For the `singular_value_decomposition()` method:

https://docs.sympy.org/latest/modules/matrices/matrices.html

#Movie Ratings

In [4]:
A = np.vstack([[5,4,1],[5,5,0],[0,0,5],[1,0,4]])
A = Matrix([[5,4,1],[5,5,0],[0,0,5],[1,0,4]])
A

Matrix([
[5, 4, 1],
[5, 5, 0],
[0, 0, 5],
[1, 0, 4]])

In [None]:
# A.singular_value_decomposition()

In [None]:
# type(A)

numpy.ndarray

## Example 4.13
Computing the SVD

In [5]:
A = Matrix([[1,0,1],[-2,1,0]])
A

Matrix([
[ 1, 0, 1],
[-2, 1, 0]])

In [6]:
A.T

Matrix([
[1, -2],
[0,  1],
[1,  0]])

In [7]:
ATA = A.T*A
ATA

Matrix([
[ 5, -2, 1],
[-2,  1, 0],
[ 1,  0, 1]])

In [8]:
ATA.eigenvals()

{6: 1, 1: 1, 0: 1}

In [9]:
e_vects = ATA.eigenvects()
e_vects

[(0,
  1,
  [Matrix([
   [-1],
   [-2],
   [ 1]])]),
 (1,
  1,
  [Matrix([
   [  0],
   [1/2],
   [  1]])]),
 (6,
  1,
  [Matrix([
   [ 5],
   [-2],
   [ 1]])])]

Sort the eigenvectors by eigenvectors decreasing values

In [10]:
e_vects = e_vects[::-1]
e_vects

[(6,
  1,
  [Matrix([
   [ 5],
   [-2],
   [ 1]])]),
 (1,
  1,
  [Matrix([
   [  0],
   [1/2],
   [  1]])]),
 (0,
  1,
  [Matrix([
   [-1],
   [-2],
   [ 1]])])]

Normalize the first eigenvector

In [11]:
e_vec1 = e_vects[0]
v1= e_vec1[2]
v1 = v1[0].normalized()
v1

Matrix([
[  sqrt(30)/6],
[-sqrt(30)/15],
[ sqrt(30)/30]])

Check: is it really an eigenvector?

In [None]:
ATA*v1 == 6* v1

True

Normalize the second eigenvector

In [17]:
e_vec2 = e_vects[1]
v2=e_vec2[2][0].normalized()
v2

Matrix([
[          0],
[  sqrt(5)/5],
[2*sqrt(5)/5]])

Normalize the third eigenvector

In [14]:
v3 = e_vects[2][2][0]
v3=v3.normalized()
v3

Matrix([
[-sqrt(6)/6],
[-sqrt(6)/3],
[ sqrt(6)/6]])

Build the $V$ matrix

In [18]:
V = Matrix([[v1.T],[v2.T],[v3.T]]).T
V

Matrix([
[  sqrt(30)/6,           0, -sqrt(6)/6],
[-sqrt(30)/15,   sqrt(5)/5, -sqrt(6)/3],
[ sqrt(30)/30, 2*sqrt(5)/5,  sqrt(6)/6]])

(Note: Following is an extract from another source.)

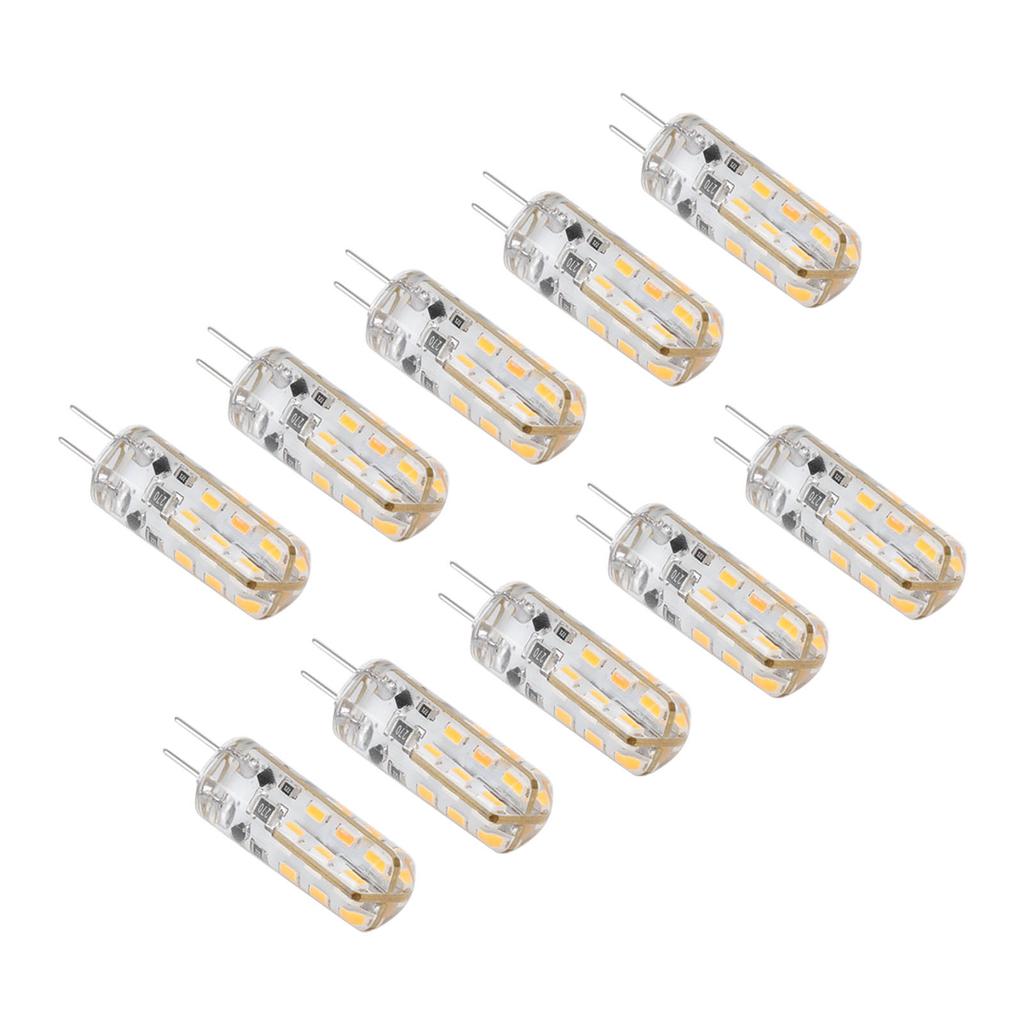 10pcs G4 LED Bulb 1.5W DC12V Warm White 3000K 110LM Bi Pin Light Bulbs LED for Cabinet Lighting Courtyard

Check that $V$ is orthogonal

In [19]:
V*V.T

Matrix([
[1, 0, 0],
[0, 1, 0],
[0, 0, 1]])

In [None]:
ATA*V

Matrix([
[     sqrt(30),           0, 0],
[-2*sqrt(30)/5,   sqrt(5)/5, 0],
[   sqrt(30)/5, 2*sqrt(5)/5, 0]])

Set the diagonal matrix $\Sigma^2$, for sake of notation, we'll label it as $D$.

Here the order is important, as it has to match the order of eigenvectors in $V$.

In [20]:
D = Matrix([[6,0,0],[0,1,0],[0,0,0]])
D

Matrix([
[6, 0, 0],
[0, 1, 0],
[0, 0, 0]])

Can you explain why $V\cdot D \cdot V^T = A^T\cdot A$?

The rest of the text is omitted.